Fonte:  Plataforma Casa Comum / Fundação Mário Soares > Arquivo Amílcar Cabral... Pasta   07200.172.017. Reproduzido  com a devida vénia...

Citação:
(1968), "Título de viagem", Fundação Mário Soares / DAC - Documentos Amílcar Cabral, Disponível HTTP:
http://hdl.handle.net/11002/fms_dc_41544 (2022-2-19)


1. Em 2013,  quando publicámos o relato de Cherno Baldé sobre os acontecimentos em Cuntima, no norte da Guiné-Bissau (*), estávamos perante  a revelação de um duplo segredo:  (i) o de Demburri Seidi (nome fictício, por razões de segurança) de quem foi obrigado a assistir às execuções públicas, da inteira e única responsabilidade do comandante das FARP Quemo Mané (c.1932-1985); (ii) mas também do Cherno Baldé, que levou o seu tempo (dois anos) a recolher e a traduzir esse depoimento... e mais uns tantos até decidir publicá-lo no nosso blogue...

Daí fazer todo o sentido publicar um comentário do Cherno Baldé ao poste P11762 (*), transformando-o em poste desta série "O segredo de...".  Passados mais de 8 anos não temos conhecimento de mais nenhuma outra versão sobre estes acontecimentos que, de resto, são do domínio público na Guiné-Bissau, mas que o tempo já fez esquecer. Infelizmente Cuntima não foi exceção, nos primeiros anos que se seguiram à independência.

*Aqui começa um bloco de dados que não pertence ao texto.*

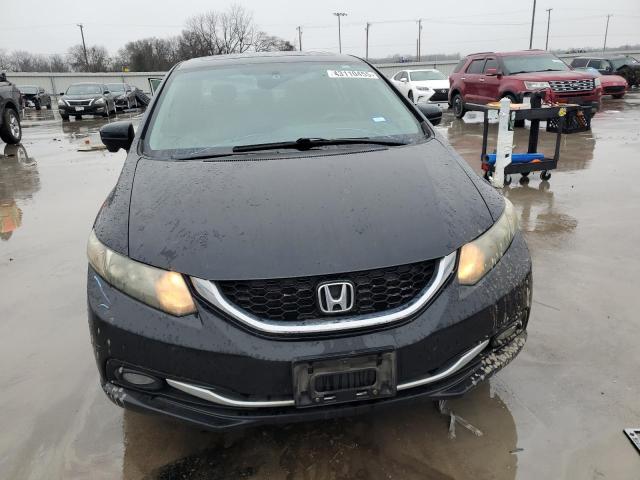 Photo 5 from auction – 2015 HONDA CIVIC EXL with VIN 2HGFB2F96FH522322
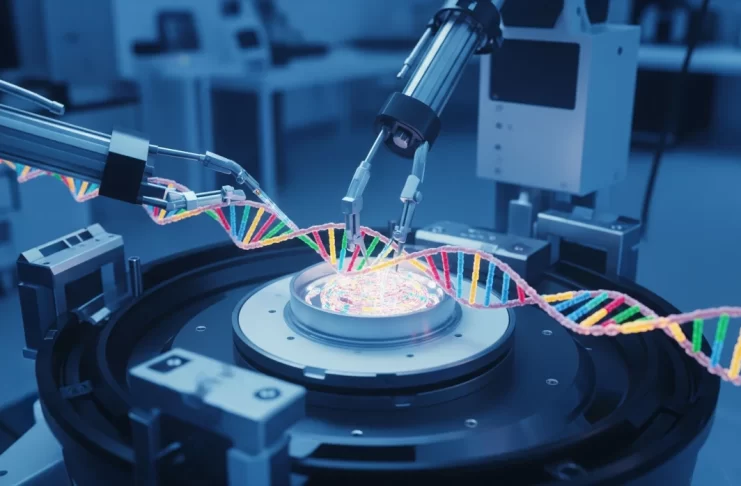 Synthetic Human DNA Assembly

Em 23 de junho de 2013 escrevemos (*):

(...) Estamos então em condições de publicar hoje, num único poste, o notável e inédito documento que ele nos pede para publicar no nosso blogue (que também é dele, e de todos os guineenses, homens e mulheres de boa vontade, que querem construir connosco as pontes do futuro sem destruir os vestígios dos bons e dos maus momentos do nosso passado comum). 

 Embora extenso, é importante que se publique na íntegra, num só poste, para manter a unidade de leitura. Naturalmente, estamos abertos à publicação de outros testemunhos, de outras fontes, que contestem, ou corrijam, ou complementem, ou melhorem esta versão que contem as recordações de Demburri Seidi quando jovem, em Cuntima, novembro de 1976. (...)

Mais recentemente, republicamos em parte este poste (**).  


2. Aqui vai então o comentário do Cherno Baldé (***)

"Pode ser até que se trate de uma etapa obrigatória da evolução de todos os povos... É só analisar a História dos povos velhos do mundo e tirarmos as conclusões objectivas." (A.P. Costa)

"Sejamos pragmáticos com a História, o país Guiné-Bissau nasceu assim. Houve vencedores e vencidos e as represálias dos vencedores sobre os vencidos pressentiam-se na sua 'cartilha' comportamental, no uso, pelo PAIGC, da violência interna para dirimir conflitos». M. Joaquim.

"...Para tudo há explicações, mas para isto não há justificação". (L. Graca).


Caros amigos, ex-combatentes,

Muito obrigado pelo feedback ao pequeno texto que se foi relativamente facil de traduzir e trabalhar, demorou mais de dois anos para sair da boca do Demburri Seidi que testemunhou estes acontecimentos em 1976, em parte pelo medo que ainda o habita e, também, por manifesta dificuldade de falar sobre esta justiça revolucionária praticada contra os "fracos".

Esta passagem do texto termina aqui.